The year 2010 has turned out to be one of the best years for merger and acquisition (M&A) activity in India. According to data compiled by Ernst & Young, merger and acquisition deal value reached a whopping $68.3 bn growing three-fold as compared to the value recorded in 2009. And in terms of deal count, 2010 recorded a total of 1,267 deals.
Calling it a blockbuster year, Ranjan Biswas, partner and national director - transaction advisory services at Ernst & Young said that swift economic recovery, together with growth potential of Indian companies triggered deal activity touching the peak levels of 2007. “Corporate India has become bolder and is going out to go to hunt for acquisitions. Indian companies jumped the M&A bandwagon pretty early in the year. The first quarter itself witnessed three mega (billion dollar plus) deals paving way for many other corporates to take the M&A plunge,” said Biswas.

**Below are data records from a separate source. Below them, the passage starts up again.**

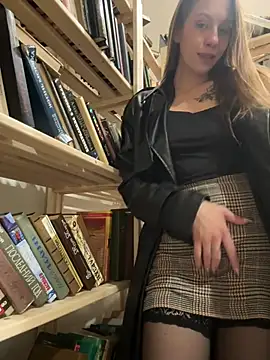 Olivia_Jemison - Camel toy + touch pussy
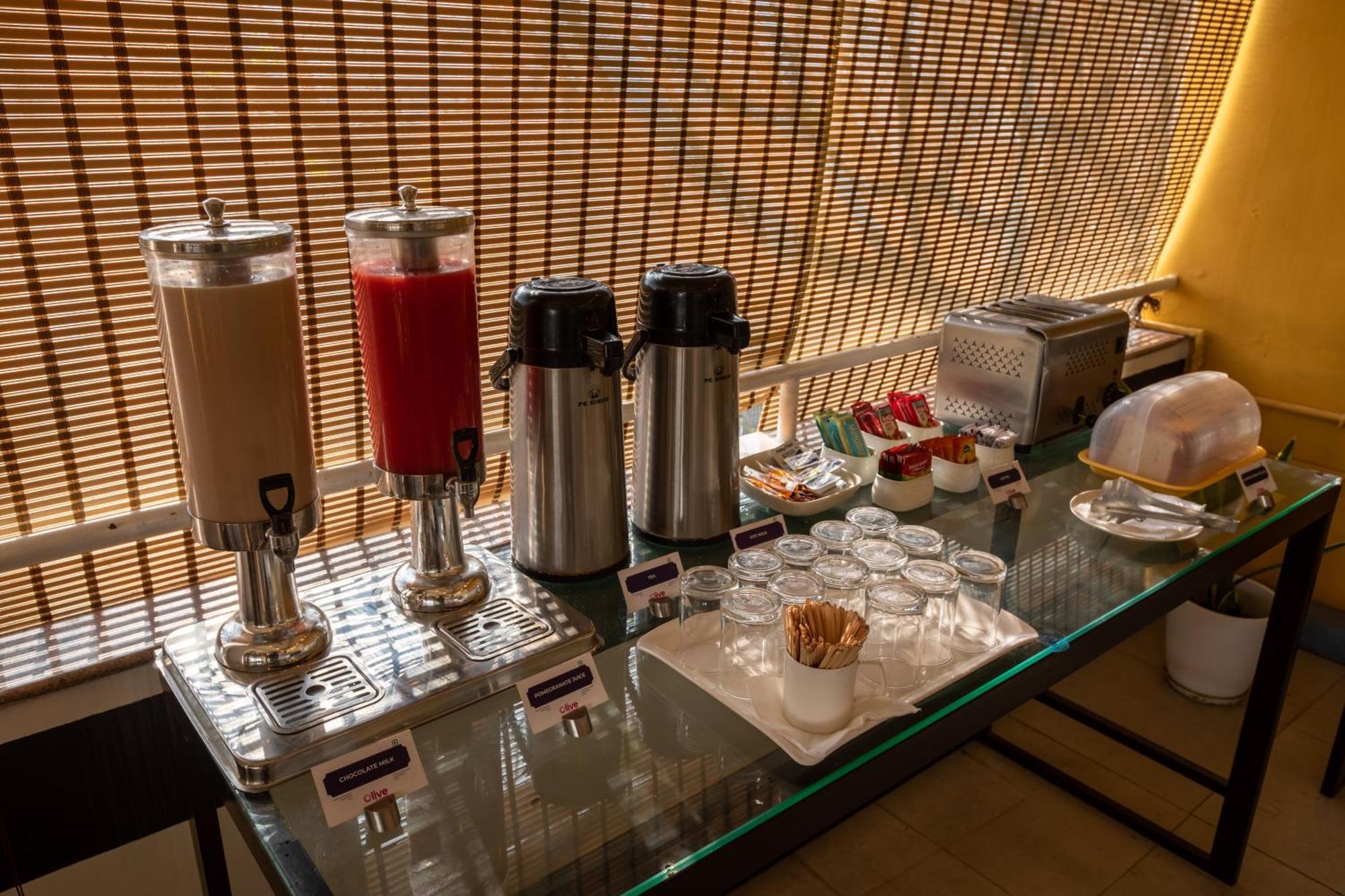 Olive Hotel Magrath By Embassy Group Bangalore Extérieur photo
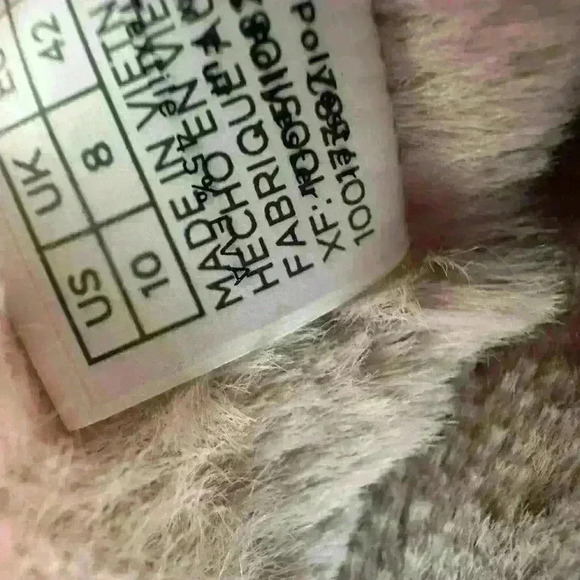 Toms Women’s Slippers Pink Fur Size 10 - Picture 6 of 6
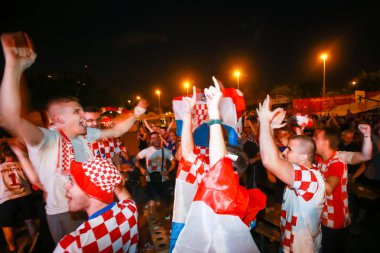 Zagreb, Hırvatistan - 21 Haziran 2018: Hırvat futbol taraftarları sonucu 3-0 FIFA Dünya Kupası 2018 Zagrep, Hırvatistan ile Hırvatistan futbol takımı vs Arjantin kazanmak kutlamak.
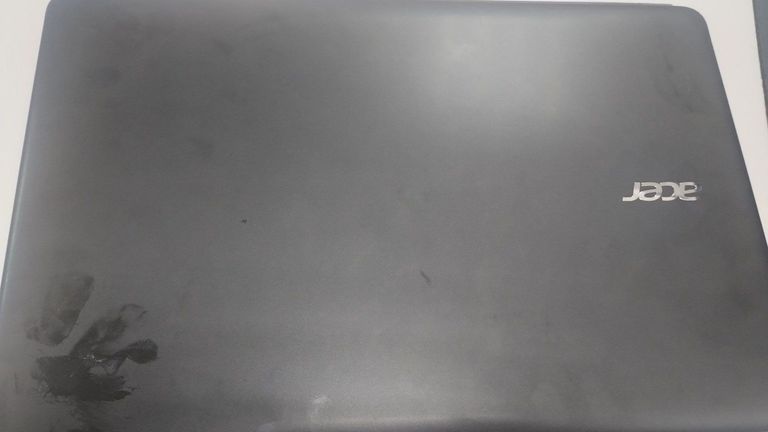 Дешиво Acer 15/amd a4 5000 ddr3/6gb ddr3/hdd 320 gb/radeon hd7770m с ломбарда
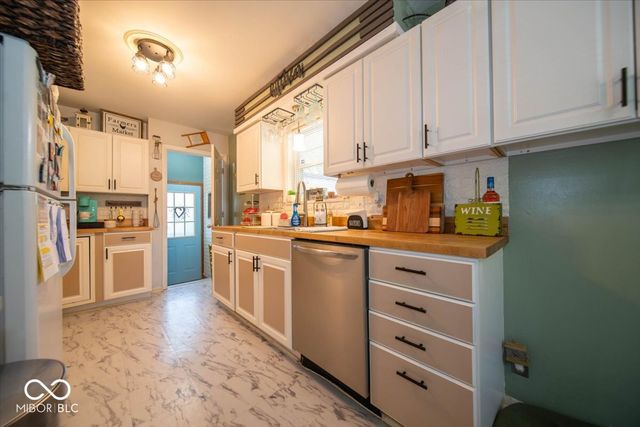 330 Gilbert Avenue, Beech Grove, IN 46107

India clocked 554 cross border deals worth $54.9 bn and a significant 80% share of the total deal value of 2010. A total of 263 outbound deals with an aggregate disclosed deal value of $32.4 billion were recorded in 2010. The share of outbound deals in the total M&A pie in terms of value rose to 47% in 2010 from a meager 6% a year ago. Notably, a number of outbound deals in 2010 were done by players in oil and gas and metals and mining sectors to acquire assets overseas in order to feed the growing energy demand at home.
Rahul Bhasin, managing partner, Baring Private Equity Partners (India) Pvt Ltd feels companies pursue merger and acquisition (M&A), to acquire new customers, markets and technology. “Either on the supply or market side, there is always a choice between doing it organically or inorganically. One takes the inorganic route only if it is cheaper and builds on efficiency. Acquisitions are also done only when companies have access to capital. These are two important factors driving M&A in India,” Bhasin said.
On whether market confidence acted as a catalyst for M&A activity, Bhasin that market confidence is a function of how much capital is available. “Indian companies have been doing well and majority of them have access to capital. The situation however is different in the international markets and companies there still continue to be under pressure in some form or the other. Indian companies thus have optimised on this opportunity by making acquisitions,” he said.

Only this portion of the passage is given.